Mbete responded: "You don't just take something because someone has said [it] and plunge into Parliament."
She recalled that, when she was still deputy speaker, she found an anonymous document about the arms deal which someone had slid underneath her door. After "applying her mind" for hours, she didn't do anything because it was anonymous.
"Parliament is very busy," she said, suggesting that it didn't have time to investigate rumours.
Deputy Chief Justice Raymond Zondo, who chairs the commission, said Parliament couldn't expect the kind of evidence required in court before it did something; the question was when it started investigating.
Mbete said Parliament is a political environment and MPs might fear for their political careers.
"That's always a consideration in Parliament," she added.
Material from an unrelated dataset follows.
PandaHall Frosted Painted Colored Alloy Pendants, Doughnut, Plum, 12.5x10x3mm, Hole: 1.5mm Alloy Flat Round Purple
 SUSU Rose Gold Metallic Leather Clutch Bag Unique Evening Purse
Eventually, Parliament started doing something. In June 2017, the House chairperson in charge of committees, or chair of chairs as it is known in Parliament, Cedric Frolick, sent letters to four committees instructing them to investigate State capture.
Mbete said she didn't have a specific recollection of this but agreed that it was the right thing to do. She said it was something the presiding officers and the ANC's political committee – a committee of senior MPs guiding the party's activities in Parliament – would have spoken about.
At this time, the Gupta Leaks had already broken and there was an unprecedented level of public mobilisation.
"I told a colleague that it was the first time I saw white people toyi-toying in the streets," Mbete said, eliciting a smile from Freund.
Freund put it to her that Parliament was under an obligation to hold the executive to account. "Can you explain why this didn't happen in 2016?" he asked.
"It is simply untrue to say that the Fifth Parliament sat through massive amounts of corruption and did nothing," Mbete testified.
She added that the response might have been inadequate but that this is due to the legislature's insufficient resources.
"I do not deny that there have been failures."
She said a lot more could have been done if they had the resources.
"It's good that we now know what we know so that we can correct it."
Zondo said it was an important issue: "Parliament's constitutional obligation to hold the executive to account is very important for the country."
He said everyone knew there were constraints.
"[From] what I have been hearing, it looks like that there is a lot of room for improvement in terms of resources."